Given material
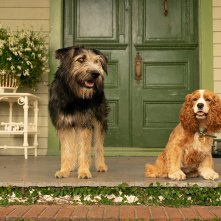 Lilli e il vagabondo: un'immagine del film Disney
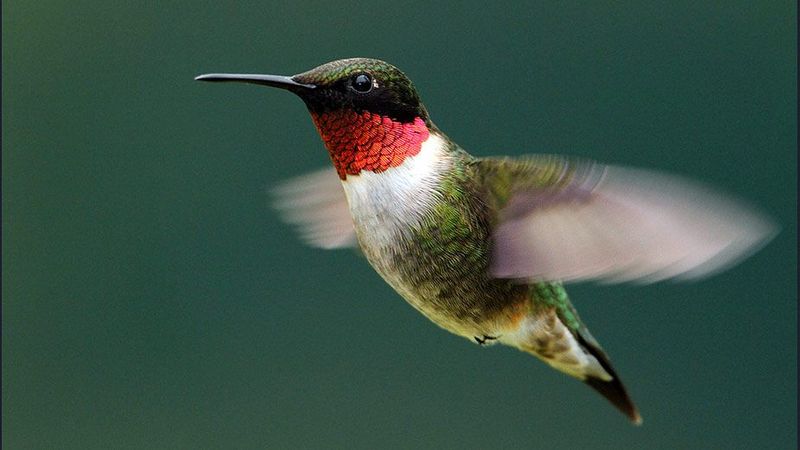 How Tiny Birds Cross Oceans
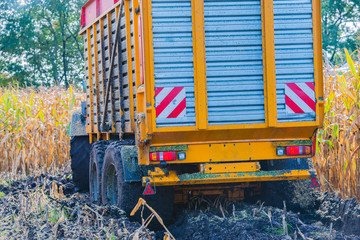Maisernte, Maishäcksler in Aktion, Erntewagen mit Traktor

Task statement
In the material above, retype exactly the lines that run from the one containing "How Tiny Birds Cross Oceans" through the last line, and keep out the pictures.

Task answer
 How Tiny Birds Cross Oceans
Maisernte, Maishäcksler in Aktion, Erntewagen mit Traktor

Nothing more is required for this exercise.